§ **To do**
Beginning with the line containing "Khmer Tapınağı kalıntıları" and ending at the last line of the data, set down every line exactly, leaving out all pictures.
** Data for processing follows **
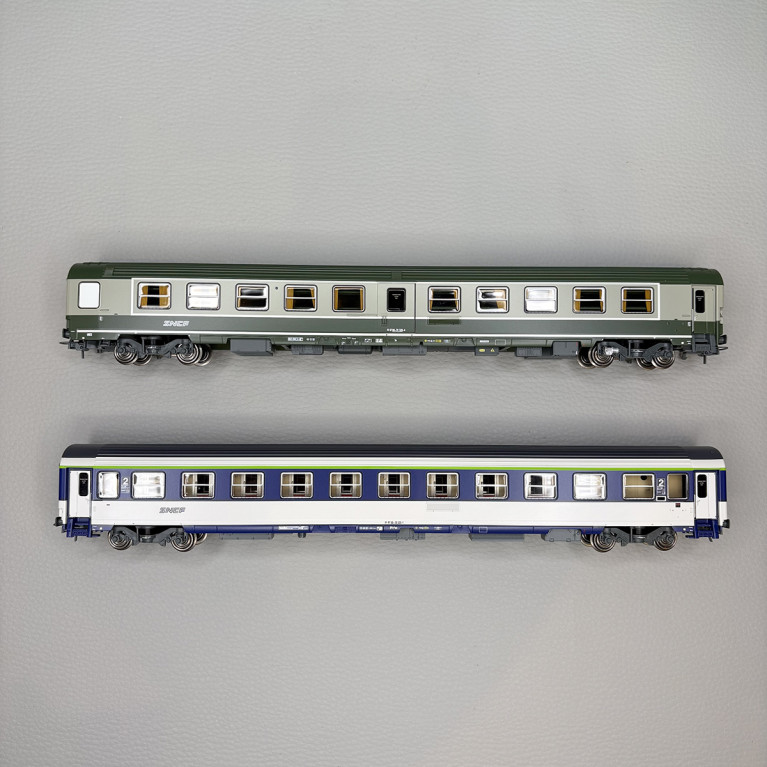 Coffret de 2 voitures Ambulance So et Corail VU couchettes B10c10x, logo nouille, SNCF, Ep. IV-V - REE JM-050 - HO 1/87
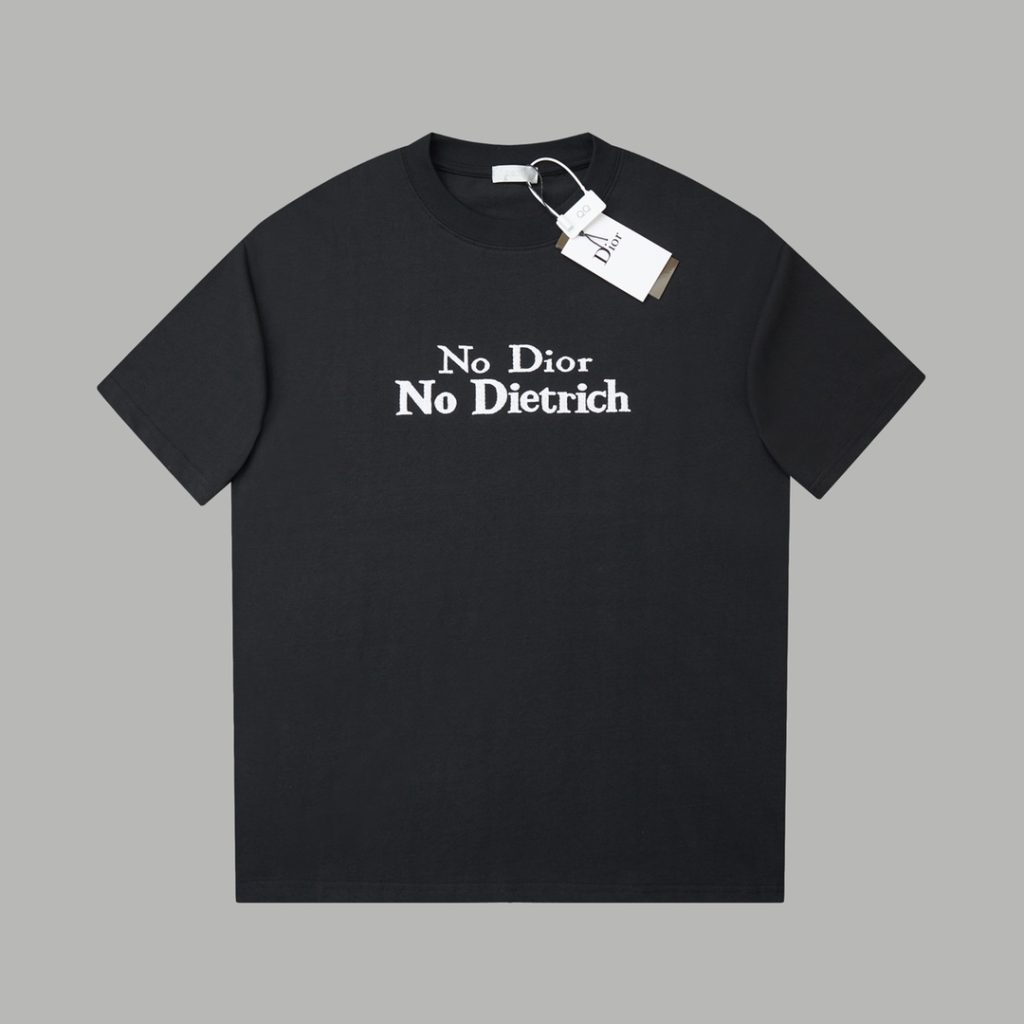 黒系Tシャツを服に合わせるなら見るべき3点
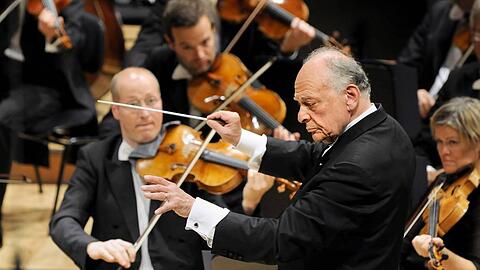 Beim Schweizer Gastspiel kann sich Lorin Maazel auf einen guten Klang verlassen, in München muss er noch dran basteln.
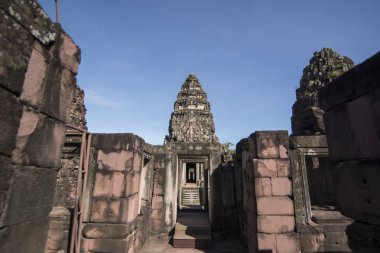 Khmer Tapınağı kalıntıları Provinz Nakhon Ratchasima Tayland Isan içinde Phimai şehir içinde Phimai Festivali'nde Phimai tarihi park. Tayland, Phimai, Kasım, 2017
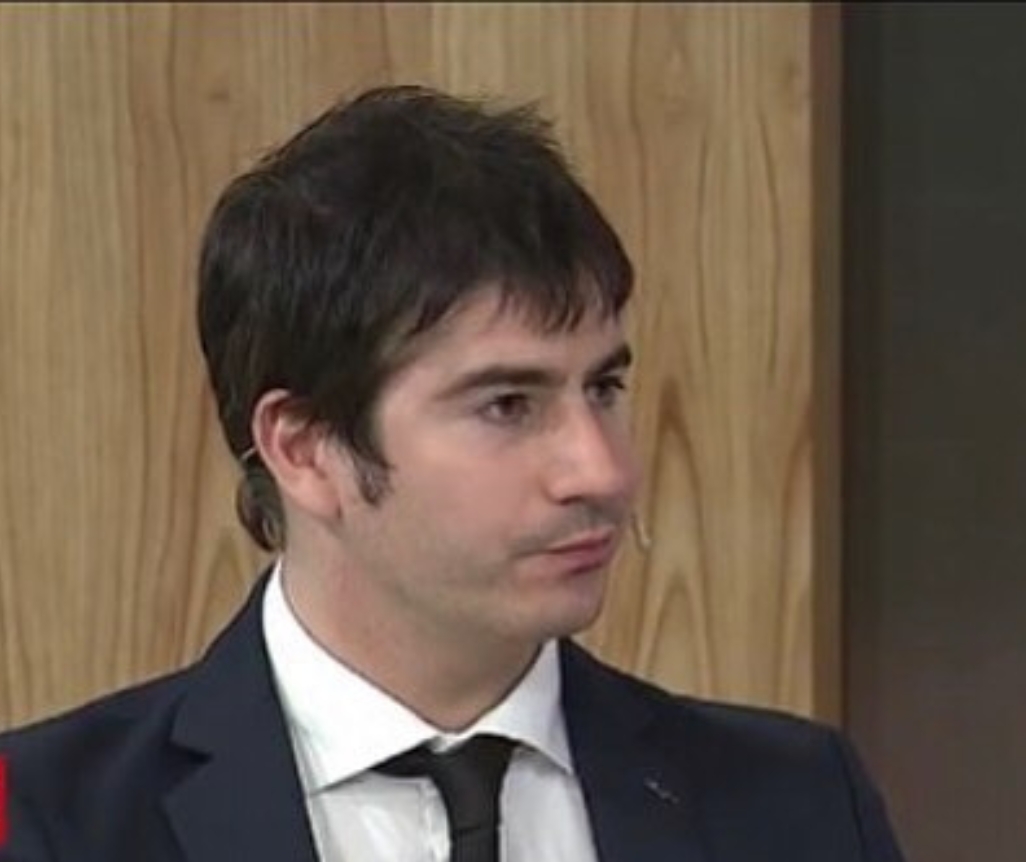 Doctor Oscar Echarren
** End of Data for processing **
§ **Answer box**
 Khmer Tapınağı kalıntıları Provinz Nakhon Ratchasima Tayland Isan içinde Phimai şehir içinde Phimai Festivali'nde Phimai tarihi park. Tayland, Phimai, Kasım, 2017
 Doctor Oscar Echarren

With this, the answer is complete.